Here’s Jadin in his WWII paratrooper uniform. He is always working on creating his own WWII reenactment videos.
I keep my eyes open for both good non-fiction and fiction history readings because I know that my boys will be captivated. So when I saw Running from Giants – The Holocaust Through the Eyes of a Child on Amazon I snagged it while it was free (it’s no longer free, but if you add it to your watch list you can grab it next time it’s $0.00!). I started reading it that same day during our afternoon read-aloud time. We started it about 3 o’clock, kept reading through dinner, and came up for air again around 6 p.m.
It was that good.
In this story we journeyed through a young boy’s blessed and poetic childhood. We were his brothers, mother, and father. We hid with him in the rye field when the Nazis came to “take care of the Jew problem” in his small village. We found out about his parent’s and brother’s deaths. Next we stayed alive for two weeks in the woods living off of apples, a few berries, and sometimes the kindness of a handful of brave souls in a nearby village.

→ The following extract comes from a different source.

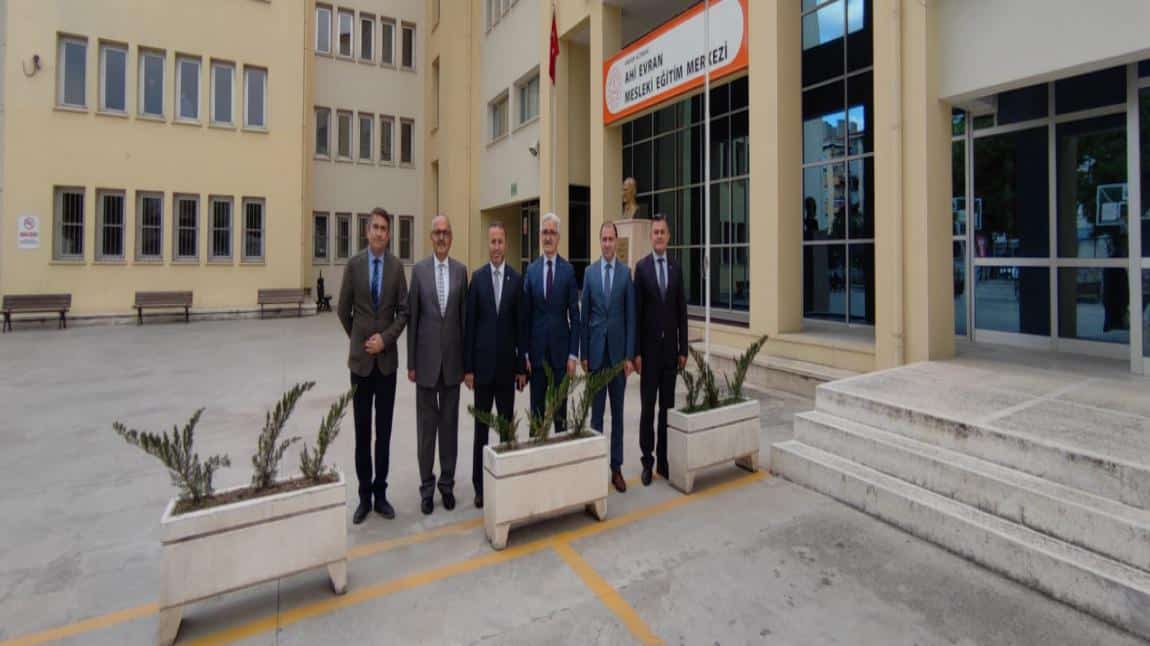 Ankara İl Milli Eğitim Müdürümüz Sayın Harun FATSA ve İlçe Milli Eğitim Müdürümüz Sayın Hasan YILDIRIM okulumuzu ziyaret etmişlerdir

Running from Giants – The Holocaust Through the Eyes of a Child took us into the ghetto where more horrors were witnessed and lived. And through it all a spark of hope and a strong determination to live shines through. This boy makes it. He lives. He survives. His story is powerful and shows how those who come out of the most horrid life experiences can still be overcomers and live a life of value and triumph.
This was not written to be non-fiction for children. It is a memoir of the author’s grandfather. I read it to my children with no major edits on my part. There were the expected holocaust horrors of shootings, losing family members, and starvation. Although we’ve read books to my family that are heavy on those details I felt those details were “light” in this book, compared to most.
As a parent I could tell when an aspect of the story was leading up to an intense moment and I paused a minute to read a page ahead if I felt concerned. The most intense part of this book was a mention of Nazi officers taking babies from mothers’ arms and smashing their heads on a brick wall. Awful, I know, but not a theme that was revisited.
Overall, in my opinion, it was a great afternoon read for my family. It was a memoir that introduced our family to another holocaust hero. We will now carry his story in our hearts and recall it as we read other works based on this time period.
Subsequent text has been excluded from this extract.